The horrors of Communism and the resilience of faith in Albania

A review of Dom Simon Jubani’s harrowing, inspiring, and occasionally off-putting From the Depths of Hell I Saw Jesus on the Cross: A Priest in the Prisons of Communist Albania.

Albanian poster in 1978: "Marxism-Leninism: Victorious flag" (Image: Robert Schediwy/Wikipedia)

Although all Communist regimes persecuted religion to varying degrees, nowhere did the anti-religious campaign employ such diabolically creative methods of cruelty, and nowhere was it as fatally thorough, as in Albania. Isolated from the rest of the world during the Cold War quite like North Korea today, few outside the western Balkans and the Albanian diaspora know much about the country’s tragic recent history. Hopefully, the shocking memoirs of Dom Simon Jubani, a Catholic priest who spent twenty-six years in Albania’s Communist prison, will serve as a corrective, even if some fragments will make most readers’ skin crawl.

As a historian who deals with Europe’s twentieth century, especially the crimes against humanity perpetrated by the Third Reich as well as the USSR and its Communist satellites, I have read countless unpleasant accounts of human cruelty. However, I can pinpoint the single most disturbing text I have read in my life so far.

In the 2009-2010 academic year, when I was a senior in college, I was reading Robert Royal’s Catholic Martyrs of the Twentieth Century. The chapter I will not forget for the rest of my life is that devoted to Communist Albania. My face grew pale, and I felt nauseous as I read about the torture methods employed against Albanian Jesuits, which included pressing scalding eggs taken directly out of boiling water against their armpits (thus giving them third-degree burns in a highly sensitive place) or slicing open their calf muscles, pouring in salt, and sewing the wounds back together, causing pain that must have been at least as harsh as that experienced during the Crucifixion.

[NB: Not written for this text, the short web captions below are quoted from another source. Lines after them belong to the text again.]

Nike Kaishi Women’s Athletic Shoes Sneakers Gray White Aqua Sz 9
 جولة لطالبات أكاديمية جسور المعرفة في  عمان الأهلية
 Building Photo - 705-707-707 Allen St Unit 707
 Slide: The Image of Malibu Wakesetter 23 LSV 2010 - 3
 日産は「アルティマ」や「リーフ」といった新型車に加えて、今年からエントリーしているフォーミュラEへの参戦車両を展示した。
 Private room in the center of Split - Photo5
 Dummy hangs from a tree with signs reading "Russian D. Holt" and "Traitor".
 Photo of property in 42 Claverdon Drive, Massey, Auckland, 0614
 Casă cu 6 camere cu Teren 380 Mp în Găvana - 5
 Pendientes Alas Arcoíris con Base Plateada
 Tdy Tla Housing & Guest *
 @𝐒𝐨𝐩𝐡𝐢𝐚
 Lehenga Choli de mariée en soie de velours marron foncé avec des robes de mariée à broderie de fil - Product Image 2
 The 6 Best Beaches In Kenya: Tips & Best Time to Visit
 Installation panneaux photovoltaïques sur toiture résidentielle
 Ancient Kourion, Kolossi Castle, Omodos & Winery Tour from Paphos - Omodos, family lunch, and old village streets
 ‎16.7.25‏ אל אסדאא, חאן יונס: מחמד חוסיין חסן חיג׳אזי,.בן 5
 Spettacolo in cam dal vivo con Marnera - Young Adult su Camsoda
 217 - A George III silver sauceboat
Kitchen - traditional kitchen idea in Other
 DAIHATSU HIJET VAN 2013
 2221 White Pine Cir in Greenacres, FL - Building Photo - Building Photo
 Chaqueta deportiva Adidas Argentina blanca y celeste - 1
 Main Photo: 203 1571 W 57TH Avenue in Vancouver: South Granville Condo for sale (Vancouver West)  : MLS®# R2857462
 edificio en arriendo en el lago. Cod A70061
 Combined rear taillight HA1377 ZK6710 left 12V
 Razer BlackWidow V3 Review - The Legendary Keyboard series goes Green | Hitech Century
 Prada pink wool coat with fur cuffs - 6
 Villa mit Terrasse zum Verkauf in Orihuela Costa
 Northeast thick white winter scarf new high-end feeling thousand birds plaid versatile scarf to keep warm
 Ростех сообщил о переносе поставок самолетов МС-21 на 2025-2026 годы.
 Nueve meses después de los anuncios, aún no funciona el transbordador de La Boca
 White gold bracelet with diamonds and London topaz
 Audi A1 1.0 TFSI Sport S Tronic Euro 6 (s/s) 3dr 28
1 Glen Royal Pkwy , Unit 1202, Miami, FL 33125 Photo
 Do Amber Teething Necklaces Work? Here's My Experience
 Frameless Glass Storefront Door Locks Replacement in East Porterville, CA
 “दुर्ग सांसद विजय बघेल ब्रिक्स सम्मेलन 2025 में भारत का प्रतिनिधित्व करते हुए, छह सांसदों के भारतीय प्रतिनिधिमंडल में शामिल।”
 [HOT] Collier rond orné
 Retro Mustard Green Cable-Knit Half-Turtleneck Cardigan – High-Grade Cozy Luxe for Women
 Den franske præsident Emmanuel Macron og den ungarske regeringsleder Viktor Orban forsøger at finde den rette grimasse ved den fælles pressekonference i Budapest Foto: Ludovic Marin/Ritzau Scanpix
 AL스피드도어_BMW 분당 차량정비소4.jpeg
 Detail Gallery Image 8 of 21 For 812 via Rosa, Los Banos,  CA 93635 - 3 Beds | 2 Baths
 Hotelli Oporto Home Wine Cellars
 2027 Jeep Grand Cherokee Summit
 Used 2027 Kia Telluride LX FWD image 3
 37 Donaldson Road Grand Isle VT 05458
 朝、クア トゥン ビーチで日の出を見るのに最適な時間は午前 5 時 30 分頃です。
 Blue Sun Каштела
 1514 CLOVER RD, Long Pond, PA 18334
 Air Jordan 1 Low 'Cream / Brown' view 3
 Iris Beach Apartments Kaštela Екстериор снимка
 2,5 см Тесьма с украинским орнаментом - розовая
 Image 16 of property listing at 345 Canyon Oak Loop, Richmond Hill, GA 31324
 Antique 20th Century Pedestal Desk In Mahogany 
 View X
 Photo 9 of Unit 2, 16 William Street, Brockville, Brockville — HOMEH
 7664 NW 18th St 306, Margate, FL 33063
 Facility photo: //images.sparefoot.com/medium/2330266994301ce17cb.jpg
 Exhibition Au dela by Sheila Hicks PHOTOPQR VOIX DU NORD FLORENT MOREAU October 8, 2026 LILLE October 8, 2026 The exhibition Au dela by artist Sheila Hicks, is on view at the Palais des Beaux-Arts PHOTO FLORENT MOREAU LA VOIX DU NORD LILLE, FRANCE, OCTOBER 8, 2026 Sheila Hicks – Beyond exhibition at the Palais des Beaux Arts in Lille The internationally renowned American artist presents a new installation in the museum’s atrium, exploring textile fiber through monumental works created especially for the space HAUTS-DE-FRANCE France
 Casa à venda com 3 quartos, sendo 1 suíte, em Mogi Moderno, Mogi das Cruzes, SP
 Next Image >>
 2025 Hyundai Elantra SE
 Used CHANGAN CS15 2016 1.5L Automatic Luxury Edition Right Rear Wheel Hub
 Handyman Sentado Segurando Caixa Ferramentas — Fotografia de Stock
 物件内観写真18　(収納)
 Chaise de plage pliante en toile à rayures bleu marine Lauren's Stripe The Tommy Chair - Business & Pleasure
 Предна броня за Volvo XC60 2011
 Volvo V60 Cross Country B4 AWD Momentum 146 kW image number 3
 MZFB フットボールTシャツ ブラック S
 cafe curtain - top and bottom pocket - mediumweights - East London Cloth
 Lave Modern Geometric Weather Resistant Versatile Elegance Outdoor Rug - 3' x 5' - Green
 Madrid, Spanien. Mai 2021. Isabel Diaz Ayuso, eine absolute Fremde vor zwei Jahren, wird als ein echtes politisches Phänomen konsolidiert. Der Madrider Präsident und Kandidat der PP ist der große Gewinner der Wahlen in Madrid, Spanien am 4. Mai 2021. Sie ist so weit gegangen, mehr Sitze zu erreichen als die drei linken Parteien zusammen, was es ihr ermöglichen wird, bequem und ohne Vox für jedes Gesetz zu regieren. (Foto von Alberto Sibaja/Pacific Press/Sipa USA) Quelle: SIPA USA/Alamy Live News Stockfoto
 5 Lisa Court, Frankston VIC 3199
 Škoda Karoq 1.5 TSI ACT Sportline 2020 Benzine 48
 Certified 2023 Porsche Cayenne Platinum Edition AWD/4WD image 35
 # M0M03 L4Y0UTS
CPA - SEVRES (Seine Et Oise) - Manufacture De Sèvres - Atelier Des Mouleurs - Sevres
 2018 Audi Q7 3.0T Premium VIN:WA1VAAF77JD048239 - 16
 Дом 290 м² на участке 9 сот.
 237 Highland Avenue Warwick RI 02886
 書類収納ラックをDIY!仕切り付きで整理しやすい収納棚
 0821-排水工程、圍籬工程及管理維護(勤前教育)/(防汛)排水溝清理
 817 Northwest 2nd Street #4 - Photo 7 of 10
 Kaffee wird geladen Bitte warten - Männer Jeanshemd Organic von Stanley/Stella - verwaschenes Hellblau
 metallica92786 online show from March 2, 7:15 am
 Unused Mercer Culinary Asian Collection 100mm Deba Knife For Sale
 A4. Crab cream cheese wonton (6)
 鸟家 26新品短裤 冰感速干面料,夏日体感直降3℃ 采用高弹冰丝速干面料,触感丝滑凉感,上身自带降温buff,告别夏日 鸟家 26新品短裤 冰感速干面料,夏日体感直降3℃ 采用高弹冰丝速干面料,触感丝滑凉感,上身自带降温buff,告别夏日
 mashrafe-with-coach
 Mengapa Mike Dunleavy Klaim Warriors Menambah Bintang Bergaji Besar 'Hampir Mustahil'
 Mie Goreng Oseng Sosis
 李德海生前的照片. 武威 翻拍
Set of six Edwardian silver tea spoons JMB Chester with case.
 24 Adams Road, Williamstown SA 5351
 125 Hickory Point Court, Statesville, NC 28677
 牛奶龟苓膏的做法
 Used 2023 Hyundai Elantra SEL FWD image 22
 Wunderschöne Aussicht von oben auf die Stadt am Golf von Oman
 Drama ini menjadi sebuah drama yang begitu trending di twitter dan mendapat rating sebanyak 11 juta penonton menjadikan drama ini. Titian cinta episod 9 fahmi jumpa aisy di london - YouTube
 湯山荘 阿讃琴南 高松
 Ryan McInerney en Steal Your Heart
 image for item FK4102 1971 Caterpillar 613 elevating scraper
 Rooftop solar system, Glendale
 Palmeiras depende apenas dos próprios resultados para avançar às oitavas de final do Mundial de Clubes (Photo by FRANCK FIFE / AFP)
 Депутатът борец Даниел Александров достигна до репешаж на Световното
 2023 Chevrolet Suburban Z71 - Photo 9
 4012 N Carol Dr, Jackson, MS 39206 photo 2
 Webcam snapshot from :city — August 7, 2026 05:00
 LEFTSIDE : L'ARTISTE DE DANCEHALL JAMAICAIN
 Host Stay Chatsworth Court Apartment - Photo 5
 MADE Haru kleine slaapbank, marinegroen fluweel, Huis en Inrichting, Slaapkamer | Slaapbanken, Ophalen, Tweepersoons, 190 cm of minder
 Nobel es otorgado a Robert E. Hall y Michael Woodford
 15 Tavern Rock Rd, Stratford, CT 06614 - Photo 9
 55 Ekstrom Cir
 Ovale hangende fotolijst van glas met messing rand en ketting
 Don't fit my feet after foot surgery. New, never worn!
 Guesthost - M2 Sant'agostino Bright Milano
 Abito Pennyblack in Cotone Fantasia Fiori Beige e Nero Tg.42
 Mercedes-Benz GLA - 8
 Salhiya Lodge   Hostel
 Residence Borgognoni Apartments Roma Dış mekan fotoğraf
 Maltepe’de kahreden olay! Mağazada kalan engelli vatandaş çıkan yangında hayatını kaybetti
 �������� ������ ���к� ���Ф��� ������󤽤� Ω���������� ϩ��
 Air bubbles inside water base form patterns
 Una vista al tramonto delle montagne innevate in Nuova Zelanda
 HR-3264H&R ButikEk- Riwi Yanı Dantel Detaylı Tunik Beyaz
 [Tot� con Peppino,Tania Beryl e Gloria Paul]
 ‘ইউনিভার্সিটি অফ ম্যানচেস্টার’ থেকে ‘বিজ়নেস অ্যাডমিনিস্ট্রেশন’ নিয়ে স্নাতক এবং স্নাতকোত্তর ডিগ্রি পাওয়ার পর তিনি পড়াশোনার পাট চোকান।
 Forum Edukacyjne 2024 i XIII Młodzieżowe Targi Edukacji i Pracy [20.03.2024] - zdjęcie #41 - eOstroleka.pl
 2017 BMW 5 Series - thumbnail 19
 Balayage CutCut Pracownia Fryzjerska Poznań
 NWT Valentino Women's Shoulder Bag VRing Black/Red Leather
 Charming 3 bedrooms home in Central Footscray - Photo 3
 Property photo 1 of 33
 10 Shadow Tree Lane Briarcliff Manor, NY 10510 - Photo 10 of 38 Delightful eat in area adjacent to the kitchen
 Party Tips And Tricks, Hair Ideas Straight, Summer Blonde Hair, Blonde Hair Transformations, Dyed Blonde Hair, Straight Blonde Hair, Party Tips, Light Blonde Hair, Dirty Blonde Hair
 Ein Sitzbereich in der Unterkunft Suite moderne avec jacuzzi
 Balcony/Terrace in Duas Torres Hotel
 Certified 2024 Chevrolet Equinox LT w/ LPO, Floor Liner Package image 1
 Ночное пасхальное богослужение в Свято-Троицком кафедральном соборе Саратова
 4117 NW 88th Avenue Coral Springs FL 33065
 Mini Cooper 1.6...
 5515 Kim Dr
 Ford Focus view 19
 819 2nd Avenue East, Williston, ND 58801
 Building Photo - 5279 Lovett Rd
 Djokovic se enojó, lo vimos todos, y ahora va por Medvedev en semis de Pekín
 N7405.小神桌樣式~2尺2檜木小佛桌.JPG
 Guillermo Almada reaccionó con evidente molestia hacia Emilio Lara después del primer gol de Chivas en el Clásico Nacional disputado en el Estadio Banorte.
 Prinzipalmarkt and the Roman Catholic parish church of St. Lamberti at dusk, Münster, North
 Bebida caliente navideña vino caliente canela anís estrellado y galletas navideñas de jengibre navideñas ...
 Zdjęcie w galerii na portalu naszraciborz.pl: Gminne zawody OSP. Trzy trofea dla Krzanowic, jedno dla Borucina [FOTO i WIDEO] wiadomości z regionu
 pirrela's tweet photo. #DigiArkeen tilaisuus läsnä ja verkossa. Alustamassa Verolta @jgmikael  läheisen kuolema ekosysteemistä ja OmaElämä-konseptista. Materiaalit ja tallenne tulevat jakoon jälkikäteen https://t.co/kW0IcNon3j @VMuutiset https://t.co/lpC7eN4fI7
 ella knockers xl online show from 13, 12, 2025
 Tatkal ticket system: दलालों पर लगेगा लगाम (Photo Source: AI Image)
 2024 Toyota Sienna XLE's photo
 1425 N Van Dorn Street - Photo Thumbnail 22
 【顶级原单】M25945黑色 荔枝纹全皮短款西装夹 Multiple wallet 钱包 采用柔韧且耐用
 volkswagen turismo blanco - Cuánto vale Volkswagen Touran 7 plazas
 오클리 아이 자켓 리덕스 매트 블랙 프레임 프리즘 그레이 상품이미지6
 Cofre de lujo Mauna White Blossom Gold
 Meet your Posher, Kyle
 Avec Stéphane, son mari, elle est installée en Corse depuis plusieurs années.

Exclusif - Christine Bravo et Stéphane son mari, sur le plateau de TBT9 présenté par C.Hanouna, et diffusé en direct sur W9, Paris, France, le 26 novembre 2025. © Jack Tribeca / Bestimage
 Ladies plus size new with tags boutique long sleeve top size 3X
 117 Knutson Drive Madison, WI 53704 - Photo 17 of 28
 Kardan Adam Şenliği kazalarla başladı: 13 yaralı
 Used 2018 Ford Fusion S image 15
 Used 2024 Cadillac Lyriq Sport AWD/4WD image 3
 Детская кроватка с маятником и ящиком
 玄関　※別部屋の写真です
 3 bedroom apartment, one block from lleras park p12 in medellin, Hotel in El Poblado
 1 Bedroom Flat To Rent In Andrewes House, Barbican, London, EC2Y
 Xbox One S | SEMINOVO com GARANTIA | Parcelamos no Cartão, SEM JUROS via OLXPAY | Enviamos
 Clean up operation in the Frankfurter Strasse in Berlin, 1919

All violations of the Fifth Commandment (which include not only direct killing but also the disrespect of human life) are evil, but such tortures far exceeded any imaginable sadism or psychopathy. Humans have always been cruel, but to be so imaginatively wicked requires something greater than regular iniquity; this must have been demonic in origin. The methods employed by Albania’s Communists remind me of a favorite statement by the late Leszek Kołakowski, who remarked that he could understand how someone can believe in God, but that it was incomprehensible that someone could shrug off the existence of the devil (Kołakowski attributed this phrase to a French philosopher whose name he did not recall).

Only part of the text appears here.